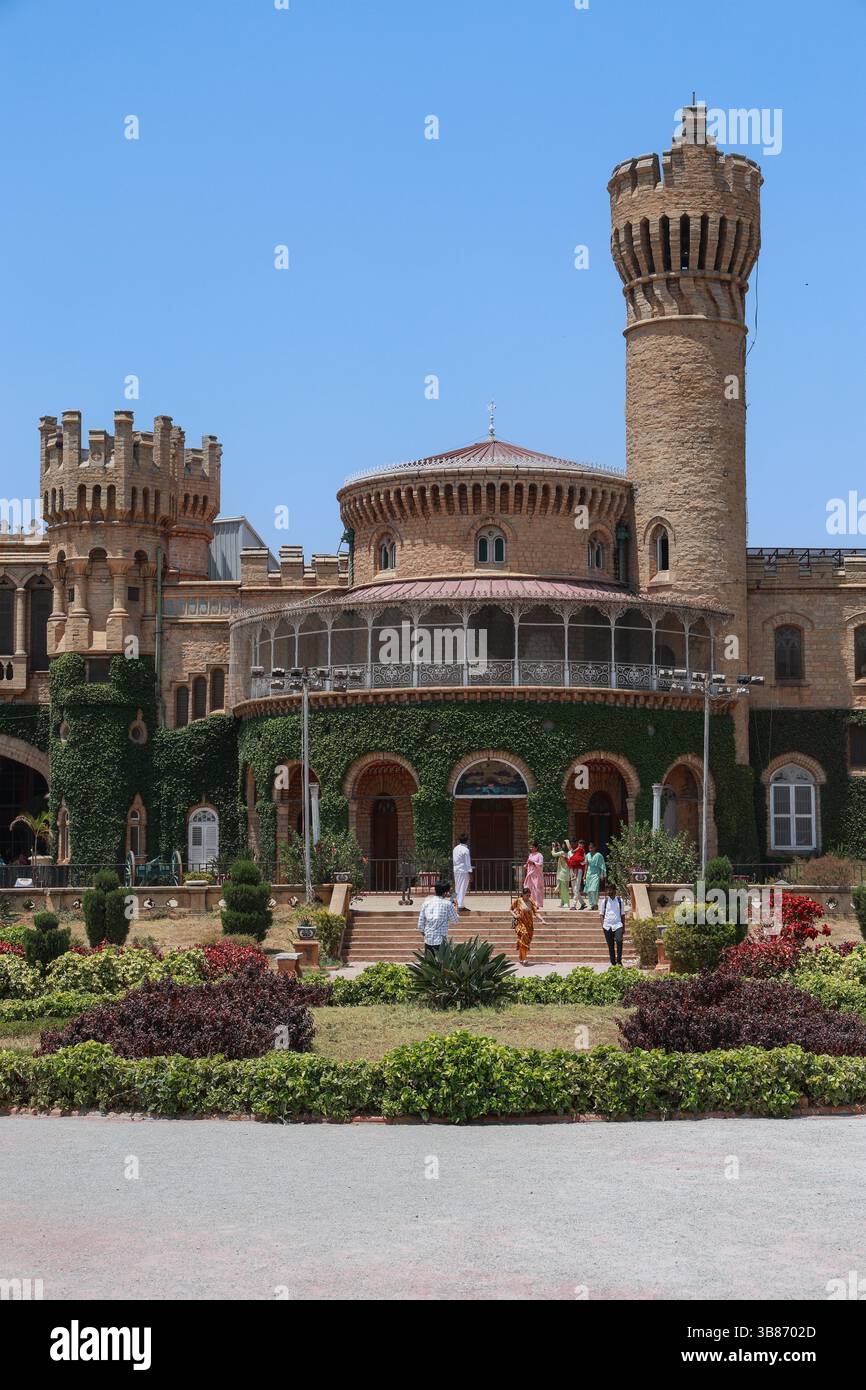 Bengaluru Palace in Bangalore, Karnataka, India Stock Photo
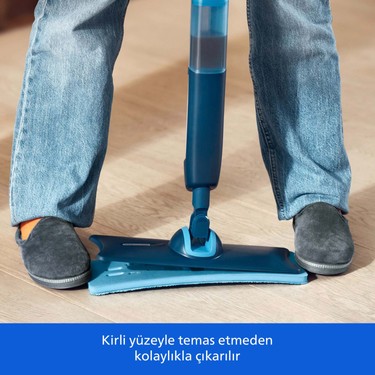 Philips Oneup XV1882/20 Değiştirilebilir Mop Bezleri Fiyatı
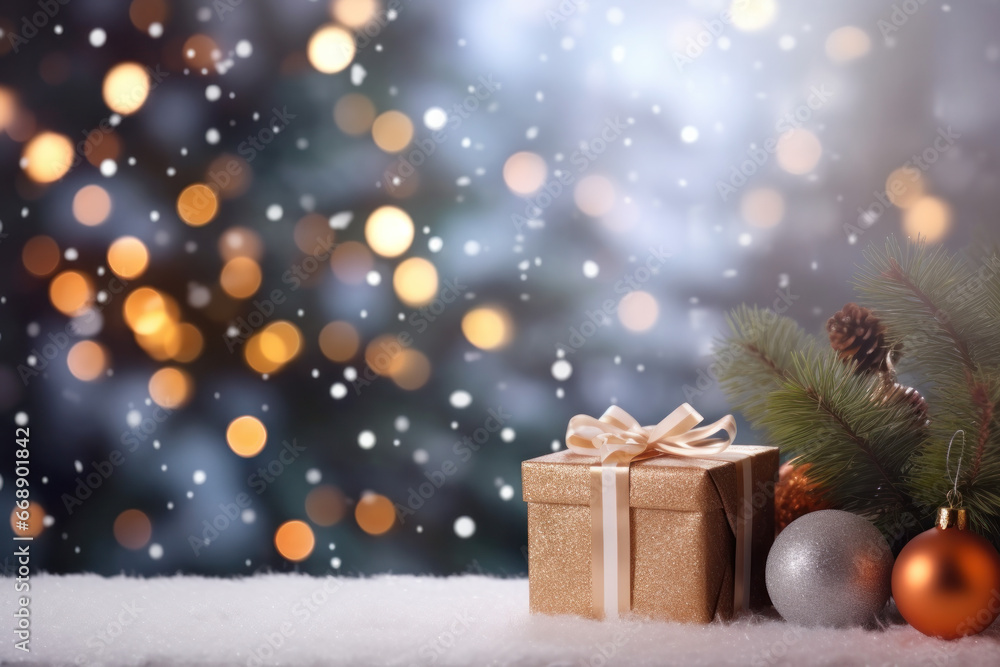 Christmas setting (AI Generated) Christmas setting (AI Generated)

# # # # #

### What is expected
Line by line, return the listing above exactly, dropping every picture.

### Finished task
 Bengaluru Palace in Bangalore, Karnataka, India Stock Photo
 Philips Oneup XV1882/20 Değiştirilebilir Mop Bezleri Fiyatı
 Christmas setting (AI Generated) Christmas setting (AI Generated)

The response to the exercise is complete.